There is a fundamental oneness of pathology beneath great diversity of form. Specific forms of "disease" involve the law of diversity and differentiation manifested throughout nature in an infinite variety of transitions. The so-called, specific disease, the symptom-complex, counts for little in pathology. It is only the temporary expression of a "type"; it is a shadow, a reflection, image, but is not the reality back of the symptom. It is a transient, passing shadow, a ripple on the stream of life, which flows on regardless. Nature does not work by producing water-tight compartments, with secret drawers absolutely shut off, isolated and insulated from all the rest. On the contrary, there is invariably a direct, or else subtle, secret and absolute interdependence of one on all and all on one.

There is an equally constant struggle against, with a slow-yielding to, the antecedents of pathology. Back of this degeneration are various causes against which the body puts up a continuous, but losing struggle. At times the forces of life offer a more violent resistance to these causes of decay and this struggle makes itself felt as pain, fever, inflammation, swelling, rapid pulse, rapid respiration, diarrhea, skin eruptions, etc. These and the symptoms which accompany them are vital emergency measures instituted for the purpose of destroying and eliminating the causes of the degeneration and to repair tissue damages as far as this may be possible. As life advances, from infancy to middle-age, as the sphere of life widens and the individual conies in contact with an increasing number and variety of pathoferic influences, one tissue after another and one organ after another breaks down before the onslaught of impairing influences.

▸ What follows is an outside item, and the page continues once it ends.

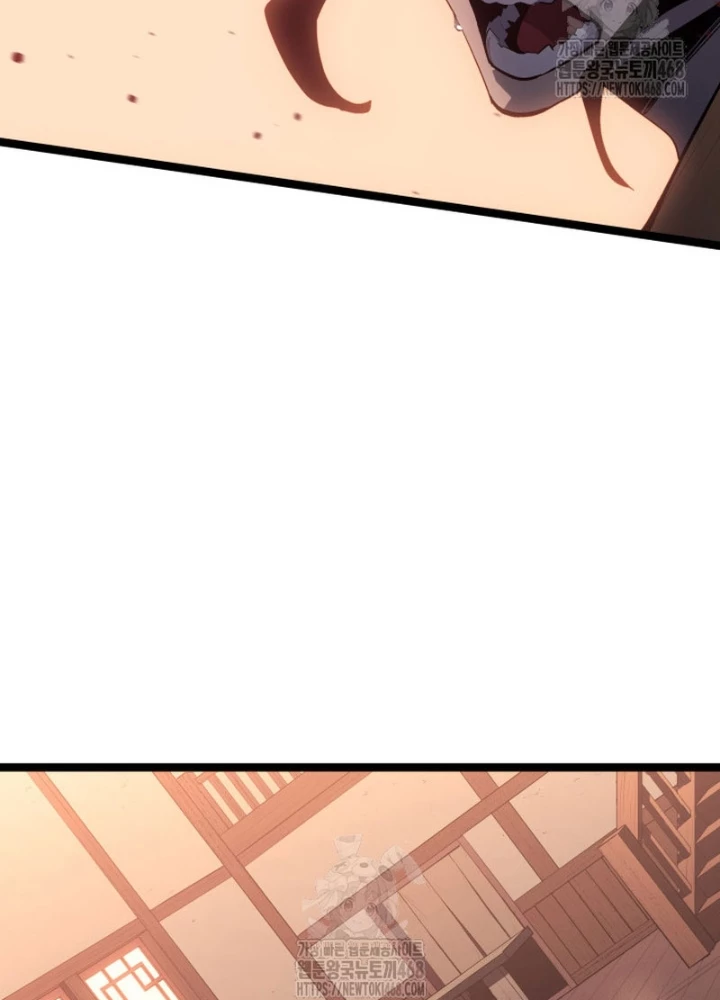 Tử Thần Phiêu Nguyệt Chapter 100 - 89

A Greek label is attached to each break and the individual has a "new disease", or a "complication" of the "old one." Not only are names given to local expressions, but as they undergo developmental changes, new names are attached to them.

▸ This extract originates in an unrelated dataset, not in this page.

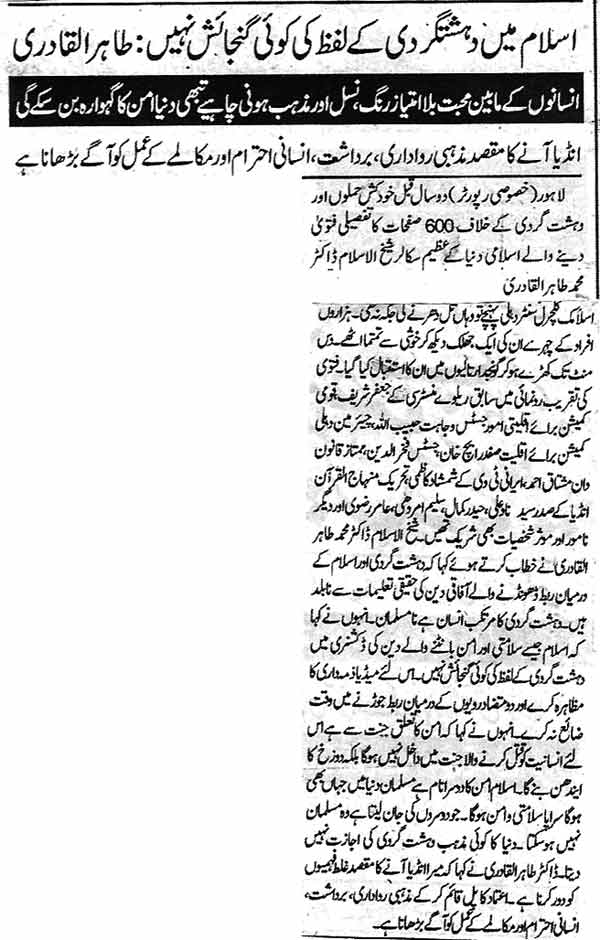 Minhaj-ul-Quran  Print Media CoverageDaily Ash-sharq Back Page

Parts not only evolve as the whole evolves, but the whole evolves as the parts evolve. Just as the body, as a whole, grows larger at the same time that the heart or the liver develop, so, the general regressive metamorphosis of the body grows greater as the degenerative changes in any of its organs grow greater.

So with the many so-called pathologies seen in a rapidly deteriorating, or in a dead, organism--these local states are not independent of each other, nor are they unconnected with preceding pathological states. Pathology never comes butt-end first.

The process is continuous and unbroken and all of its various steps or stages constitute a unit. As the cumulative effects of persistent, perhaps increasing, causes manifest themselves, we behold the breakdown of one tissue after another. Each break receives a separate name or number, is endowed with a quasi-individuality and becomes the object of special treatment.

When the organs of the body begin to break down and falter in their function, it is easy and natural for the wreck of one organ to be followed soon by the wreck of another, due to failing support from the faltering organ. All of the organs have been crippled more or less by the common causes of organic impairment, and many of them are already on the verge of a breakdown. Every successive development adds some impetus to the general deterioration of the body. If the pancreas is the first to collapse, the patient is said to have diabetes; then; as one organ after another follows the pancreas to the scrap-heap, the resulting "diseases" are regarded as complications of diabetes. This is just as correct as to look upon "diabetes" as a complication of some one of the many pathological developments that precede or accompany it. Malnutrition resulting from crippled digestive organs: crippled carbohydrate metabolism, in diabetes: impaired kidney excretion, in Bright's disease; lessened circulation, in heart affection; insufficient oxidation in pulmonary tuberculosis; impeded cell-renewal in arteriosclerosis, are only some of the examples of failing support resulting from the crippling of important organs, which hasten the break-down of other organs and build "complications." An additive resultant emerges out of the new concatenation.